ListInsertNodeAfter(list, currentNode, newNode) {
   // Special case for empty list
   if (list⇢head == null) {
      list⇢head = newNode
      list⇢tail = newNode
   }
   else if (currentNode == list⇢tail) {
      list⇢tail⇢next = newNode
      list⇢tail = newNode
   }
   else {
      newNode⇢next = currentNode⇢next
      currentNode⇢next = newNode
   }
}

ListInsertAfter(list, currentItem, newItem) {
   currentNode = ListSearch(list, currentItem)
   if (currentNode != null) {
      newNode = Allocate new singly-linked list node
      newNode⇢data = newItem
      newNode⇢next = null
      ListInsertNodeAfter(list, currentNode, newNode)
      return true
   }
   return false
}

• void removeAfter(Type value) - Removes the node after the value.
  • If null, it removes the 1st node.
  • If value is the tail, then it doesn’t remove anything.
  • Have to make sure the list isn’t empty.
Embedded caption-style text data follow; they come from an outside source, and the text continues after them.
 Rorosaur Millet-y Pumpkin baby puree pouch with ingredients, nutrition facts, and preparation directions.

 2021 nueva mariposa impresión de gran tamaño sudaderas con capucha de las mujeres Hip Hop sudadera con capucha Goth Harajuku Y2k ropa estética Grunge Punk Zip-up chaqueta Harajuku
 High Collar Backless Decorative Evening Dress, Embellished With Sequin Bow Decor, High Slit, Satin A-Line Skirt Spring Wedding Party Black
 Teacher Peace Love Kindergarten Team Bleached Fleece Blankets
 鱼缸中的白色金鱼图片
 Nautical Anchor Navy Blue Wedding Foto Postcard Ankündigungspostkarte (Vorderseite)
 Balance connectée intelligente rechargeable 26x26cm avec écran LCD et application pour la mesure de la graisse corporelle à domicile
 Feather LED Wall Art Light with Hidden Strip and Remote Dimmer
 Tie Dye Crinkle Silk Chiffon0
ListRemoveNodeAfter(list, curNode) {
   // Special case, remove head
   if (curNode is null) {
      sucNode = list⇢head⇢next
      list⇢head = sucNode

      if (sucNode is null) { // Removed last item
         list⇢tail = null
      }
   }
   else if (curNode⇢next is not null) {
      sucNode = curNode⇢next⇢next
      curNode⇢next = sucNode

      if (sucNode is null) { // Removed tail
         list⇢tail = curNode
      }
   }
}

ListRemove(list, itemToRemove) {
   // Traverse to the node with data equal to itemToRemove, 
   // keeping track of the previous node in the process
   previous = null
   current = list⇢head
   while (current != null) {
      if (current⇢data == itemToRemove) {
         ListRemoveNodeAfter(list, previous)
         return true
      }
         
      // Advance to next node
      previous = current
      current = current⇢next
   }
      
   // Not found
   return false
}

class IntNode {
public:
   IntNode(int dataInit = 0, IntNode* nextLoc = nullptr);
   void InsertAfter(IntNode* nodeLoc); // inserts the nodeLoc after this node.
   IntNode* GetNext();
   void PrintNodeData();
private:
   int dataVal;
   IntNode* nextNodePtr;
};